Offiziell hält de Maizière sich noch bedeckt. „Es gibt verschiedene Überlegungen“, sagt eine Ministeriumssprecherin, und dass eine endgültige Entscheidung noch ausstehe. Die Innenpolitiker der Koalition allerdings scheinen schon mehr zu wissen. So wird der CDU-Abgeordnete Armin Schuster mit den Worten zitiert, er begrüße die Absicht, robuste Polizeieinheiten zur Abwehr von Terrorlagen neu zu bilden, die trotzdem im normalen Polizeidienst verwendet werden können. Er halte es „für die Pflicht des Bundes, den Ländern im Bedarfsfall solche Einheiten zur Verfügung stellen zu können“. Den bayerischen Innenminister Joachim Hermann hat de Maizière schon überzeugt: Auch in Deutschland, sagt der, müsse die Polizei noch besser aufgestellt werden. Wenn jemand mit schweren Waffen unterwegs sei, sei sie „nicht perfekt ausgestattet“.

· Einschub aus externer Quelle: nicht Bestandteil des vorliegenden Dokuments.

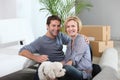 Couple and dog move into home Royalty Free Stock Photo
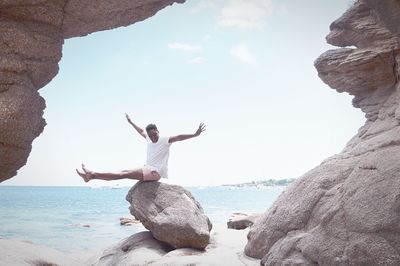 Man standing on rock by sea against sky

Nach den Attentaten von Paris und Kopenhagen zieht auch die Bundesregierung in der Innen- und Sicherheitspolitik die Zügel an. Trotz heftiger Bedenken in seiner Partei hat der SPD-Vorsitzende Sigmar Gabriel der Union seine Bereitschaft zur Wiedereinführung der Vorratsdatenspeicherung signalisiert. Finanzminister Wolfgang Schäuble spendiert de Maizière 328 Millionen Euro zusätzlich für den Kauf neuer Schutzwesten, moderner Kommunikationstechnik oder die bessere Observation von Verdächtigen aus der islamistischen Szene. Gleichzeitig hat bei der Bundespolizei und im Bundeskriminalamt nicht nur der Personalabbau der vergangenen Jahre ein Ende. Die beiden Behörden und der Verfassungsschutz dürfen sogar insgesamt 750 neue Mitarbeiter einstellen – etwa für eine neue Elitetruppe nach dem Vorbild der GSG 9 bei der Bundespolizei?

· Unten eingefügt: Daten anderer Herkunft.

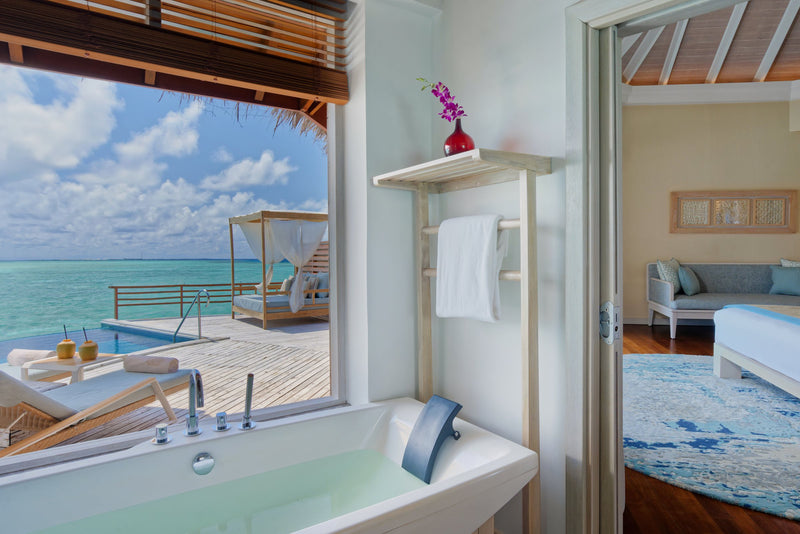 A Water Pool Villa bathroom at Baros Maldives, a tub at the window with the plunge pool and daybed on the deck beyond.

Eine solche Einheit würde eine wichtige Sicherheitslücke schließen, findet der Vorsitzende der Deutschen Polizeigewerkschaft, Rainer Wendt. Für den Kampf gegen und die Fahndung nach Terroristen sei die klassische Bereitschaftspolizei nicht wirklich gerüstet: „Deren Schutzweste hält einer Kalaschnikow nicht stand.“ Nach Informationen des „Spiegel“ soll die neue Einheit, scherzhaft schon GSG 4,5 genannt, schrittweise auf mehrere Hundertschaften ausgebaut werden, die auch über gepanzerte Fahrzeuge und schwere Waffen verfügen würden.

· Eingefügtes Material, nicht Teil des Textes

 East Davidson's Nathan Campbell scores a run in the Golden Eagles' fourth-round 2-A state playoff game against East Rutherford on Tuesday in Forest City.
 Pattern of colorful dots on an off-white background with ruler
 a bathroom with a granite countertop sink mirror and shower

Das Bundeskriminalamt schätzt die Zahl der gewaltbereiten Islamisten in Deutschland inzwischen auf mindestens 1000. Die Behörden müssten sich auf „multiple Anschläge“ von kleinen Gruppen, von radikalisierten Einzeltätern und von Rückkehrern aus dem Dschihad einstellen, warnt de Maizière.